Mikoz squirmed in Corinne’s arms, reaching toward the ocean as if drawn to it. Anya spun in a slow circle, taking in the unfamiliar landscape. And Corinne looked at him with such trust and hope that his heart ached.
He took a deep breath and felt something in his chest loosen. This could work. This could actually work.
CHAPTER SEVENTEEN
Corinne’s legs trembled as she descended the ramp, and she wasn’t entirely sure whether it was from six days in cramped quarters or from the weight of what they were doing. Running. Hiding. Building a life on lies and forged documents with a male she’d known for less than two months.
But what a male.
She glanced at Selik as he surveyed the spaceport with the practiced eye of someone who’d spent his life assessing threats. Even in civilian clothes—a simple dark tunic and pants that somehow made him look even more dangerous than his uniform—he moved with predatory grace. His tail swayed behind him in a slow rhythm she’d learned meant he was alert but not alarmed.

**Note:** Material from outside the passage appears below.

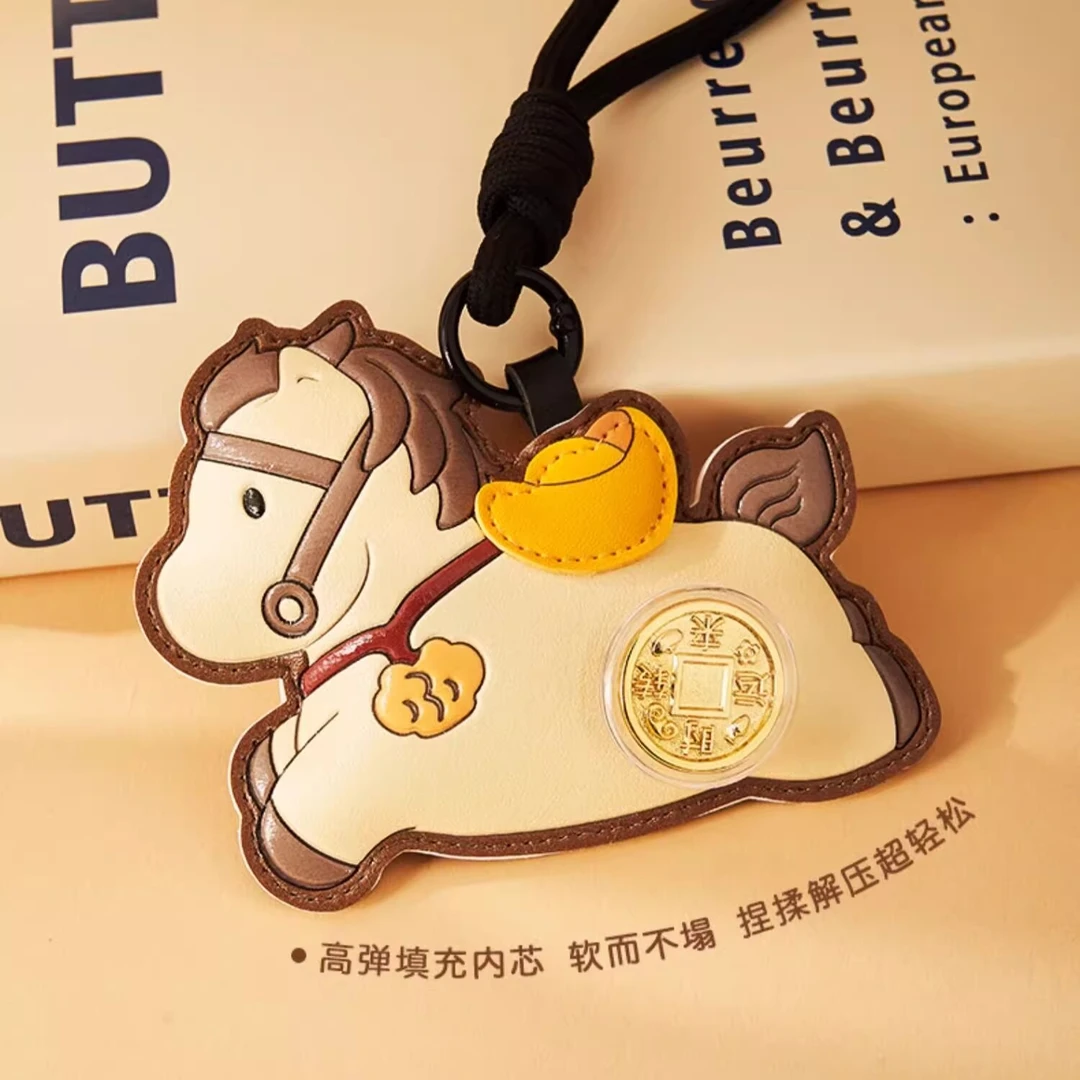 大英博物馆文创马上有钱时来运转小马车钥匙扣挂件包包本命年挂饰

Mikoz grabbed a fistful of her hair and yanked.
“No.” She carefully extracted his tiny fists from the strands. “We’ve discussed this, remember? Hair stays attached to heads.”
The infant chirped and immediately reached for her hair again.
“You’re lucky you’re cute,” she muttered, shifting him to her other hip.
The spaceport sprawled before them, a chaotic mix of landing pads and cargo facilities that somehow felt more alive than the sterile military vessel they’d left behind. Ships of various sizes occupied the bays—sleek personal flyers like theirs, battered cargo haulers with mismatched hull plating, even something that looked like it had been cobbled together from three different vessels and held together with hope and welding scars.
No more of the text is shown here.